§ **Work item**:
Though the records contain pictures, copy none of them; repeat exactly the lines from the one with "this image contains" to the end.

§ **Working data**:
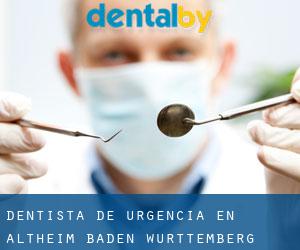 Dentista de urgencia en Altheim (Baden-Württemberg)
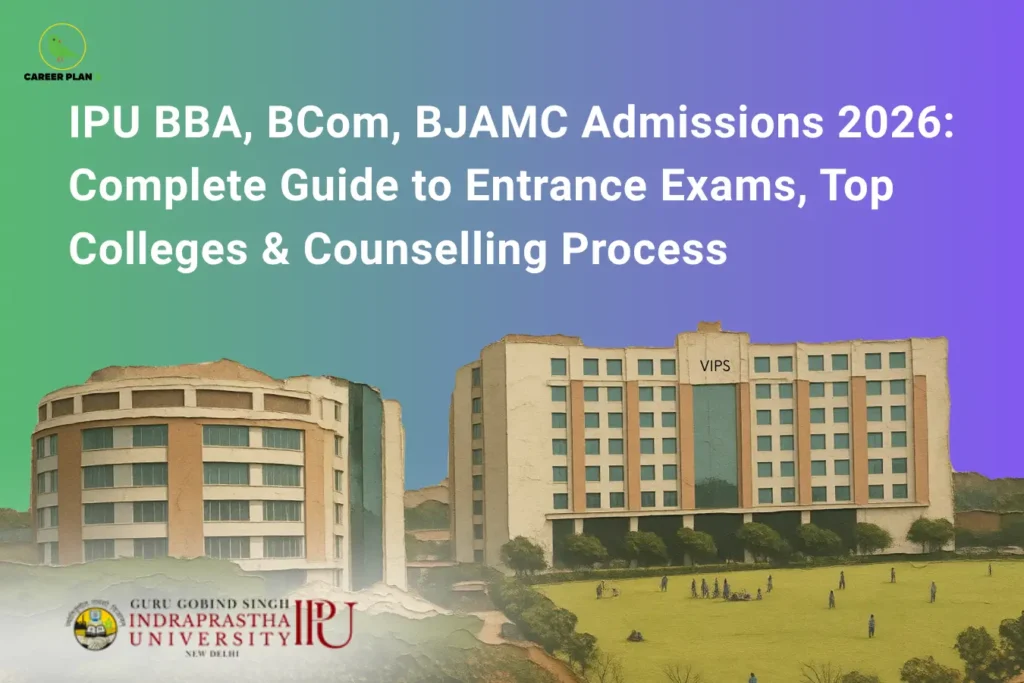 this image contains a career guidance banner titled “IPU BBA, BCom, BJAMC Admissions 2026: Complete Guide to Entrance Exams, Top Colleges & Counselling Process” with the Career Plan B logo at top left, showing two university buildings including one labeled “VIPS,” a green campus lawn with students, and the “Guru Gobind Singh Indraprastha University IPU New Delhi” logo at the bottom, representing admissions, colleges, and counselling for IPU 2026
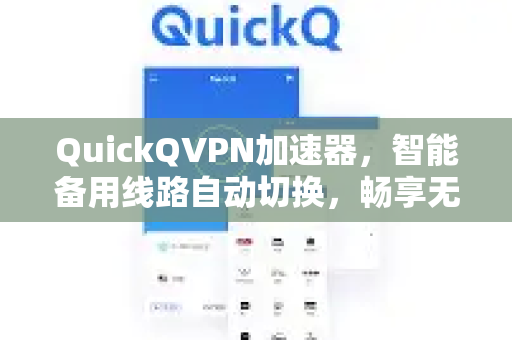 QuickQVPN加速器，智能备用线路自动切换，畅享无界网络体验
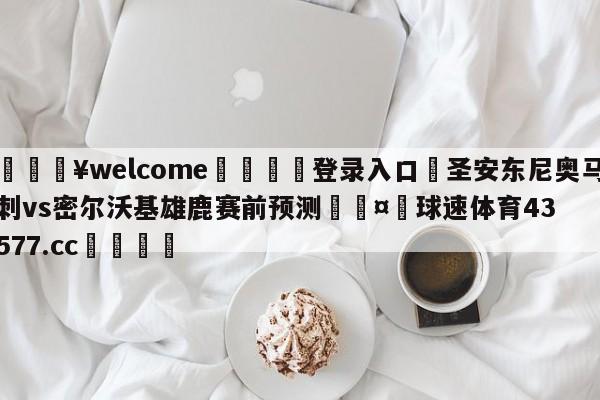 💥welcome🍖登录入口⛎圣安东尼奥马刺vs密尔沃基雄鹿赛前预测🤮球速体育43577.cc🍦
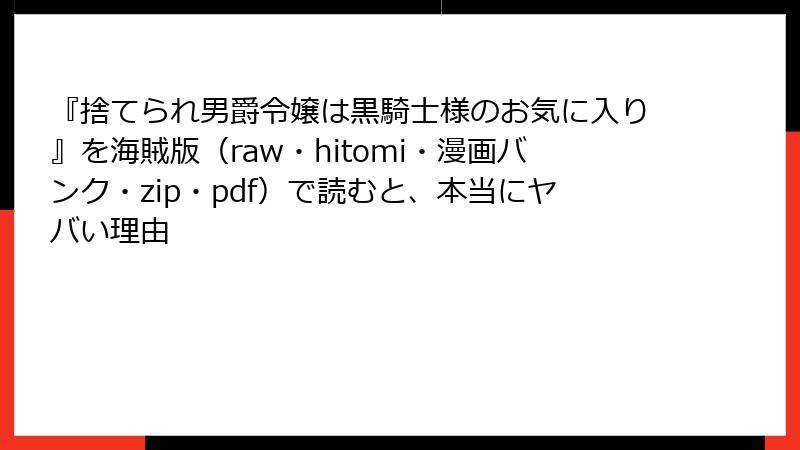 『捨てられ男爵令嬢は黒騎士様のお気に入り』を海賊版（raw・hitomi・漫画バンク・zip・pdf）で読むと、本当にヤバい理由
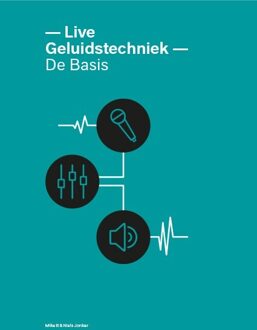 Live Geluidstechniek - de basis -  Mike B, N.T.A. Jonker (ISBN: 9789082845655)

§ **Result**:
 this image contains a career guidance banner titled “IPU BBA, BCom, BJAMC Admissions 2026: Complete Guide to Entrance Exams, Top Colleges & Counselling Process” with the Career Plan B logo at top left, showing two university buildings including one labeled “VIPS,” a green campus lawn with students, and the “Guru Gobind Singh Indraprastha University IPU New Delhi” logo at the bottom, representing admissions, colleges, and counselling for IPU 2026
 QuickQVPN加速器，智能备用线路自动切换，畅享无界网络体验
 💥welcome🍖登录入口⛎圣安东尼奥马刺vs密尔沃基雄鹿赛前预测🤮球速体育43577.cc🍦
 『捨てられ男爵令嬢は黒騎士様のお気に入り』を海賊版（raw・hitomi・漫画バンク・zip・pdf）で読むと、本当にヤバい理由
 Live Geluidstechniek - de basis -  Mike B, N.T.A. Jonker (ISBN: 9789082845655)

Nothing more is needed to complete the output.